Stored data entries:
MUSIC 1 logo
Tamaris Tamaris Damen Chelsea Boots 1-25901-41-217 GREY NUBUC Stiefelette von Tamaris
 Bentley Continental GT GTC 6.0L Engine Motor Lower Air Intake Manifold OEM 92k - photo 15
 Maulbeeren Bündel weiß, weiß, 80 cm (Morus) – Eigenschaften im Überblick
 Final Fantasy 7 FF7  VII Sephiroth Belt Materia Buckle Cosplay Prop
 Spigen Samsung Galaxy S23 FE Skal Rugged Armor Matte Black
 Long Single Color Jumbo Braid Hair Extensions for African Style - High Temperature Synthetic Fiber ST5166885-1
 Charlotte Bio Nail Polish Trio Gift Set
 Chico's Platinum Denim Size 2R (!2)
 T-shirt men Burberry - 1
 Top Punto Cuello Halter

• [Task details]: The response must contain exactly the lines from the one with "Final Fantasy 7" to the end of the entries above, both included, and nothing more.

• [Response area]:
 Final Fantasy 7 FF7  VII Sephiroth Belt Materia Buckle Cosplay Prop
 Spigen Samsung Galaxy S23 FE Skal Rugged Armor Matte Black
 Long Single Color Jumbo Braid Hair Extensions for African Style - High Temperature Synthetic Fiber ST5166885-1
 Charlotte Bio Nail Polish Trio Gift Set
 Chico's Platinum Denim Size 2R (!2)
 T-shirt men Burberry - 1
 Top Punto Cuello Halter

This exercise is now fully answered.